The 5 ftlbs is the critical factor; it clamps the bands to the required level, ensuring that the ‘back-off’ then gives the required clearance to ensure the proper gap between band and drum. If too tight, the drum is not properly released, not allowing the drum to rotate freely - which will cause lining wear, or may cause the box to engage two gears simultaneously - and something will give. Don’t ask me how I know…:slight_smile:

First test of the AAV; remove the top hose and look at the slide, alternately with the engine cold and hot. If it stays in the same position; gently manipulate the slide with a small screwdriver - it is spring loaded, but sometimes stick in years of accumulated gunk.

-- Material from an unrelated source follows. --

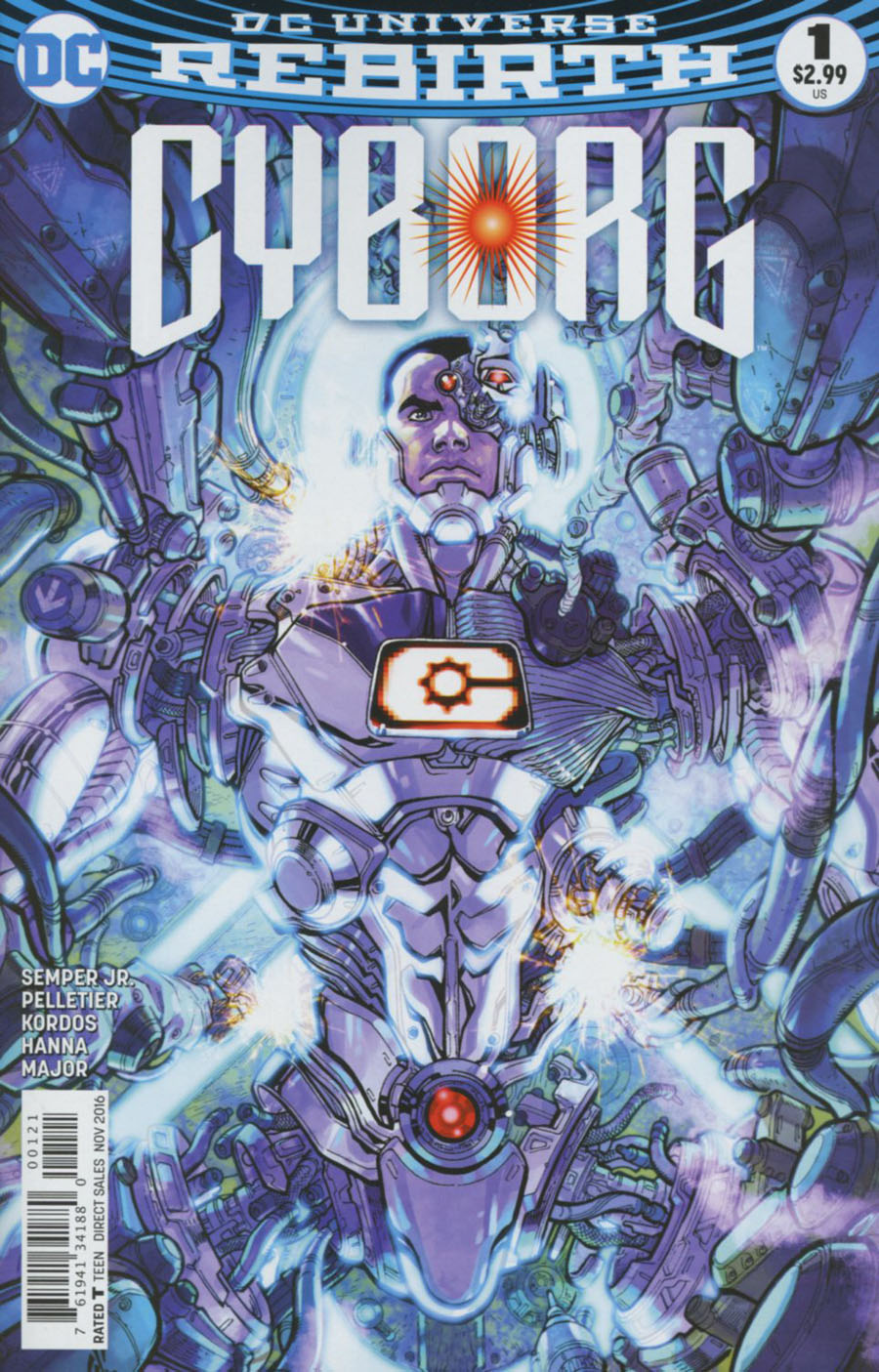 Cyborg Vol 2 #1 Cover B Variant Carlos DAnda Cover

The AAV is not designed for internal cleaning; that requires drilling out the 4 corner rivets, replacing them with screws - but solvent applied to the slide externally may sometimes help to free the slide…

If the AAV reacts normally; clean out the throttle body and verify throttle gap - then adjust idle with the idle screw. using the idle screw to adjust idle without verifying AAV and throttle body first invites trouble…:slight_smile:

Frank
xj6 85 Sov Europe (UK/NZ)
**


(Sierk Braam) #31

An update - I have not yet cleaned the throttle body or the aav. I did however replace the coolant temperature sensor. This did not help the cold start difficulty all that much (though it hadn’t been started in a few days). It did make a big difference to the cold running idle which is now at 800-900 and steady. The hot idle is still low - around 600 but is steady. So changing the temp sensor has eliminated the lumpiness of the idle - but its still too low when warm.

If I take the throttle body off to clean it - I assume I will need a new gasket. Any particular gasket better than another? After cleaning the TB, should I go straight to warm idle adjustment, or should I still mess the the aav.
Thanks,
Sierk


(Doug Dwyer) #32

No actual need to remove the TB to clean it. Some rags and toothbrushes and aerosol carb cleaner will do he trick. Then check the blade gap, should be .002"

The go ahead and try the idle speed adjustment. If there is no response/change when making the adjustment then the air distribution block might be clogged.

Cheers
DD


(Paul M. Novak) #33

Sierk,
Just in case you are wondering how to make the idle speed adjustment, the three attached pictures should help. It is a bit of a challenge to get the tool in the right place and also to make the adjustment with the engine hot which is when you are supposed to make theadjustment. The allen wrench is 7/32" and I use a small 7/32" wrench to turn it. If you want to increase RPM turn the tool counter clockwise (anti-clockwise). If you want to decrease RPMs turn it clockwise. It’s best to make a small adjustment (2 or 3 flats) and then rev the engine a bit and let it stabilize. Keep adjusting until you get it where you want it. I recommend trying about 850-900 RPMs to start with and then increase or decrease to get what works best for you. You don’t want the RPM too high because you will get a clunk when you shift into gear. If it is too low then the idle will be lumpy. Spec is 750 RPM, but that was with a new engine.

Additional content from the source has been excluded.